Pocock (2012), following Finkelstein and Schoenfeld (1999) has popularized the ``win ratio’’ as a simple method of statistical analysis for controlled clinical trials with multiple outcomes. The approach uses pairwise comparisons between patients in the treatment and control groups using a primary outcome (say time to cardiac death) with ties broken using a secondary outcome (say time to a nonfatal cardiac event). In general the observed pairwise preferences and the weight they attach to the component rankings will depend on the distribution of potential follow-up time. We present expressions for the “win” and “loss” probabilities for general bivariate survival models when follow-up is limited to a specific time horizon. In the special case of a bivariate Lehmann model we show that the win ratio does not depend on this horizon. We show how the win ratio may be estimated non-parametrically or from a parametric model. Extensions to events of three or more types are described. A novel application of the marginal method of estimation is discussed. Reference. Oakes (2016) Biometrika, 103, 742-745.
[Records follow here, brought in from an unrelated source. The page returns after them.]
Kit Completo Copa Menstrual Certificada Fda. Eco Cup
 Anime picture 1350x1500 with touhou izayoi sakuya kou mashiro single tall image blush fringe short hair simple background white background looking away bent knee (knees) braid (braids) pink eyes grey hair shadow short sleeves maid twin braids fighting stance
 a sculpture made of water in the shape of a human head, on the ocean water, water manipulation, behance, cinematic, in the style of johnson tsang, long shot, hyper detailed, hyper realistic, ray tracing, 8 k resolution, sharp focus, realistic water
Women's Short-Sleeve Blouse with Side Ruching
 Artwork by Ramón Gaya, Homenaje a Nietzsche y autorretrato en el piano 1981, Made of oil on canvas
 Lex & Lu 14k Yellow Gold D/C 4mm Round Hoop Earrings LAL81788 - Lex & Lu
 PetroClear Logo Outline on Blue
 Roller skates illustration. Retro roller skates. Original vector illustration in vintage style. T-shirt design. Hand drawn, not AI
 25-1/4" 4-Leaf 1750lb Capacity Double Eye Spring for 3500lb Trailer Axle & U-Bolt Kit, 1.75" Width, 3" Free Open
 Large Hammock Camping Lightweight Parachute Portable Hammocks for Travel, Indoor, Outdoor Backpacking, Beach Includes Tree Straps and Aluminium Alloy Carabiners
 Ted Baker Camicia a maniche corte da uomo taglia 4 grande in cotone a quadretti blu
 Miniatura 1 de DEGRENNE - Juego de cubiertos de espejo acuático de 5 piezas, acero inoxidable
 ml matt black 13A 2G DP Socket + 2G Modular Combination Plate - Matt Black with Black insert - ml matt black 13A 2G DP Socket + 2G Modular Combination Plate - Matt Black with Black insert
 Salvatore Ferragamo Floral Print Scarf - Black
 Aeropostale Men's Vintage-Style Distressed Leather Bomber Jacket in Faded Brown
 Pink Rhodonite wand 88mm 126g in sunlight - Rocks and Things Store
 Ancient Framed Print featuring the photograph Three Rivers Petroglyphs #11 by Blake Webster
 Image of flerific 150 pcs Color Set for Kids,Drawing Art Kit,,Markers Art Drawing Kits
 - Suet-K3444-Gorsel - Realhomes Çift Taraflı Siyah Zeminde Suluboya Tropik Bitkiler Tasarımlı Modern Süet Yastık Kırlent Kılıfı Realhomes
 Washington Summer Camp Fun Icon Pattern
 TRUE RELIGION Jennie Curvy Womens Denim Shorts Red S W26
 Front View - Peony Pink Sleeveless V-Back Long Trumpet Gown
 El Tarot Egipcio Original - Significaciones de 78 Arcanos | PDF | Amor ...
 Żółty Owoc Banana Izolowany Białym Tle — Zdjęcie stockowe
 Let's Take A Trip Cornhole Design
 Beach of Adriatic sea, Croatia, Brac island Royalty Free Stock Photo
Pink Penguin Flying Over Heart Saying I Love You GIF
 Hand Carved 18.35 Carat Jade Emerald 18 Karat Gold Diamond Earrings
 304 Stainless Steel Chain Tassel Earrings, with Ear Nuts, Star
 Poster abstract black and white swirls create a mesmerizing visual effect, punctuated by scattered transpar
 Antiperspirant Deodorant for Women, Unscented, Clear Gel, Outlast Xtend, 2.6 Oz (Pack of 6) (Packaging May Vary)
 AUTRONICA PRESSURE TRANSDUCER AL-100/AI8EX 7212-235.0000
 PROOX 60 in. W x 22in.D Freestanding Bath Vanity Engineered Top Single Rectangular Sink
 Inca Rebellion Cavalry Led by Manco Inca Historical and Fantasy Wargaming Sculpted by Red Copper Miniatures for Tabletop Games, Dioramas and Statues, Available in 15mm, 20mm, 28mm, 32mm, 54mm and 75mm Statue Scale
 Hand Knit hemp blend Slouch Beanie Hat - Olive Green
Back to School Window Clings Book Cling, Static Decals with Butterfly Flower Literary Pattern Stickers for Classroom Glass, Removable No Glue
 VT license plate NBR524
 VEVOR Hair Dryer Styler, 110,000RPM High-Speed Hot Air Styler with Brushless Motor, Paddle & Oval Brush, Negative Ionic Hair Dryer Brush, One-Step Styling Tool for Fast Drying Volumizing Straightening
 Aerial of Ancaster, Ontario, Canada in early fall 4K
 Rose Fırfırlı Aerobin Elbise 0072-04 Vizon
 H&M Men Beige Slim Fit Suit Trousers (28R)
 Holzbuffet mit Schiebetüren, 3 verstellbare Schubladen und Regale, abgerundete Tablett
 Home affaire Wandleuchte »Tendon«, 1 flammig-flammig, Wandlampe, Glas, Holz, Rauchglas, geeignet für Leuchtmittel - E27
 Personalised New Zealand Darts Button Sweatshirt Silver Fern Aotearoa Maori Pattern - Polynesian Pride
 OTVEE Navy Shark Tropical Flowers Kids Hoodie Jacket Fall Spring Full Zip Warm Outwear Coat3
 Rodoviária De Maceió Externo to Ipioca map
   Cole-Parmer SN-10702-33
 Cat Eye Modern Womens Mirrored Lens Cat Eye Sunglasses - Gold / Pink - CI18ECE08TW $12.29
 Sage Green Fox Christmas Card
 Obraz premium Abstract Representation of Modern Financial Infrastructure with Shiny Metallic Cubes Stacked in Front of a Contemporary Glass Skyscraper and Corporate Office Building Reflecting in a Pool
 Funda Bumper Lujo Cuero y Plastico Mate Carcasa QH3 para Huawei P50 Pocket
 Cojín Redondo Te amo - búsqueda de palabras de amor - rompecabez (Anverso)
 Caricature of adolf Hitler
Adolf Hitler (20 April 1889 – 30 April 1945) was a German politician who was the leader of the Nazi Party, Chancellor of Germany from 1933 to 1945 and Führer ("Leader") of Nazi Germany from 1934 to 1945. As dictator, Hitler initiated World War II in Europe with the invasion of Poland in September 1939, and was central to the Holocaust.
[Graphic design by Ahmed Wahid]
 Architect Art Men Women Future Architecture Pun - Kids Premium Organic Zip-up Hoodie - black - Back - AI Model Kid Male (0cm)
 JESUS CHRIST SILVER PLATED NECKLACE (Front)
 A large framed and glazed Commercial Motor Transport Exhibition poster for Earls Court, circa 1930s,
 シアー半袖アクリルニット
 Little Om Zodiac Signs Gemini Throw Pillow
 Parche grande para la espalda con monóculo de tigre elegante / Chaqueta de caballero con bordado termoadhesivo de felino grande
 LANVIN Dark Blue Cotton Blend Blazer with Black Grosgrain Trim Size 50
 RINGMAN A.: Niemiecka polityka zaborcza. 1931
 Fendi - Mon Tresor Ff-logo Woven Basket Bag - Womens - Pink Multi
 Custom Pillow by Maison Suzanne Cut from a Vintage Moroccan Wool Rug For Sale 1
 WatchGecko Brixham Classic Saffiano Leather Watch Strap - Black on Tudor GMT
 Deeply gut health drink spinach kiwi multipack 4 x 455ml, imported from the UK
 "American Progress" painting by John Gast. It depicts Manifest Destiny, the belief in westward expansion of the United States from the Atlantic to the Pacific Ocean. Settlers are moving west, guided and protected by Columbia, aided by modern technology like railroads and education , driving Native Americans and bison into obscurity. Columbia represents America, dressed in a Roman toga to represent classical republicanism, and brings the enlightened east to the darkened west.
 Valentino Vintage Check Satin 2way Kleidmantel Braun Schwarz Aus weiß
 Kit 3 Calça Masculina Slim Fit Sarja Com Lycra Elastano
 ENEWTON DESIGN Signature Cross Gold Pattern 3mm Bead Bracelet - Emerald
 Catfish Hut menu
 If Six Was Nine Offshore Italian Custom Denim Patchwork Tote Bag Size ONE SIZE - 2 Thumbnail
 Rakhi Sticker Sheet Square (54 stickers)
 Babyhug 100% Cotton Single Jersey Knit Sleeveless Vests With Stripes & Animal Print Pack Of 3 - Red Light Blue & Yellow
About the speaker: Prof. Oakes' research interests are in the area of survival analysis, especially models for the effect of explanatory variables on survival and for multivariate survival data. He is deeply involved in clinical trials of treatments for Parkinson’s disease and Huntington’s disease. He has also worked in cardiology, infectious diseases and pediatrics and has a longstanding interest in occupational and environmental medicine. He is a Fellow of the American Statistical Association and of the Institute of Mathematical Statistics and an elected member of the International Statistical Institute.